• PROBLEM REQUIREMENTS: When the line containing "中國天然石墨行業競爭格局及重點龍頭企業分析" is found in the data below, copy it and each line after it through the line containing "2024年廣安市廣安代市中學招生計劃是多少？", exactly and with no others.

• DATA EXTRACT:
▬▬▬

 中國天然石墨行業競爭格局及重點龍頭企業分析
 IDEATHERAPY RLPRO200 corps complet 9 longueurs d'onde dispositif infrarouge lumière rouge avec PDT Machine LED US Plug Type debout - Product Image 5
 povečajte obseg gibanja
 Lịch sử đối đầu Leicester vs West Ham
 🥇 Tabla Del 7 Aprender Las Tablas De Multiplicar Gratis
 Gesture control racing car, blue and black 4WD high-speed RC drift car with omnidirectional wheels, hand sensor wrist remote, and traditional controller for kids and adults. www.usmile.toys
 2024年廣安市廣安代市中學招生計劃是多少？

▬▬▬

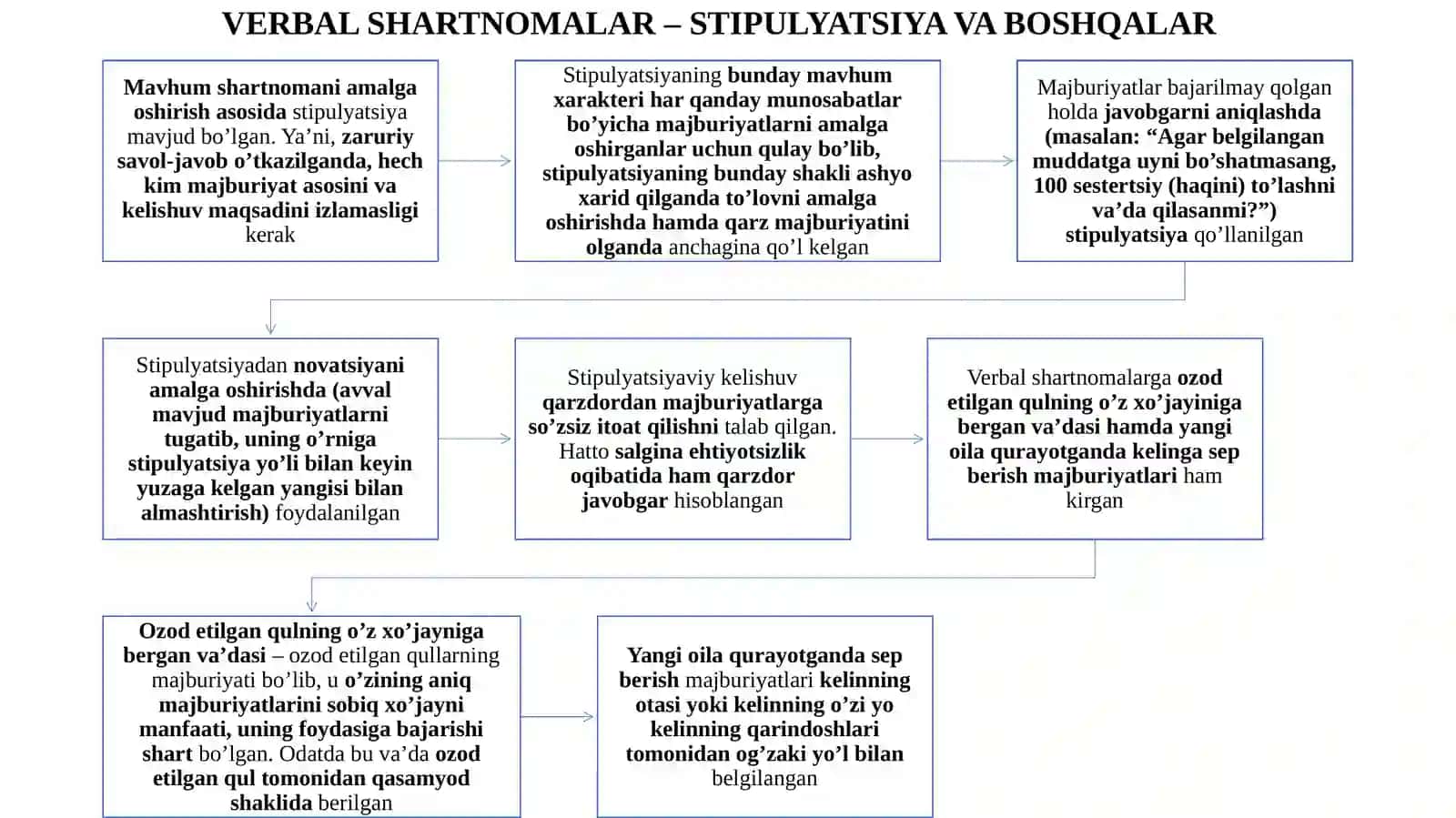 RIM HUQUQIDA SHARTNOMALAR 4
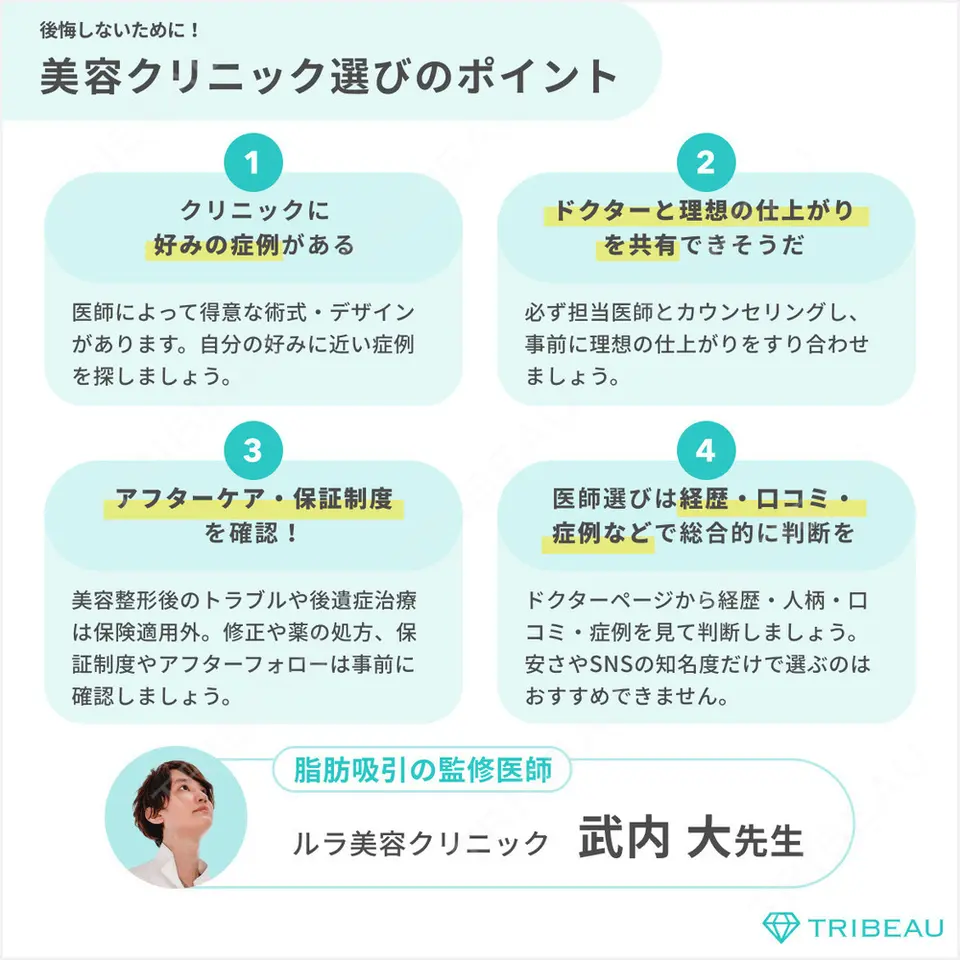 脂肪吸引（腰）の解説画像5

▬▬▬

• TASK SOLUTION:
 中國天然石墨行業競爭格局及重點龍頭企業分析
 IDEATHERAPY RLPRO200 corps complet 9 longueurs d'onde dispositif infrarouge lumière rouge avec PDT Machine LED US Plug Type debout - Product Image 5
 povečajte obseg gibanja
 Lịch sử đối đầu Leicester vs West Ham
 🥇 Tabla Del 7 Aprender Las Tablas De Multiplicar Gratis
 Gesture control racing car, blue and black 4WD high-speed RC drift car with omnidirectional wheels, hand sensor wrist remote, and traditional controller for kids and adults. www.usmile.toys
 2024年廣安市廣安代市中學招生計劃是多少？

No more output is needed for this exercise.